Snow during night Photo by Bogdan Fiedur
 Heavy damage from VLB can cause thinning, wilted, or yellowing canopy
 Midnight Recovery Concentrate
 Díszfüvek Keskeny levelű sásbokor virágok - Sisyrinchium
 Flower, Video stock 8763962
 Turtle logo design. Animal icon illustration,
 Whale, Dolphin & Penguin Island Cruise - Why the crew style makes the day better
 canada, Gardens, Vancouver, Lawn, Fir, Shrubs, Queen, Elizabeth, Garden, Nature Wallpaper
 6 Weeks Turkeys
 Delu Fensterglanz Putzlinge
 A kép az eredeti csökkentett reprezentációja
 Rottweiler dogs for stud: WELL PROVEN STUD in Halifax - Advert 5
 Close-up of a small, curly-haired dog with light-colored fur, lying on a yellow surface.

### What is needed
Line by line, retype the records with no changes.

### Result of this task
Snow during night Photo by Bogdan Fiedur
 Heavy damage from VLB can cause thinning, wilted, or yellowing canopy
 Midnight Recovery Concentrate
 Díszfüvek Keskeny levelű sásbokor virágok - Sisyrinchium
 Flower, Video stock 8763962
 Turtle logo design. Animal icon illustration,
 Whale, Dolphin & Penguin Island Cruise - Why the crew style makes the day better
 canada, Gardens, Vancouver, Lawn, Fir, Shrubs, Queen, Elizabeth, Garden, Nature Wallpaper
 6 Weeks Turkeys
 Delu Fensterglanz Putzlinge
 A kép az eredeti csökkentett reprezentációja
 Rottweiler dogs for stud: WELL PROVEN STUD in Halifax - Advert 5
 Close-up of a small, curly-haired dog with light-colored fur, lying on a yellow surface.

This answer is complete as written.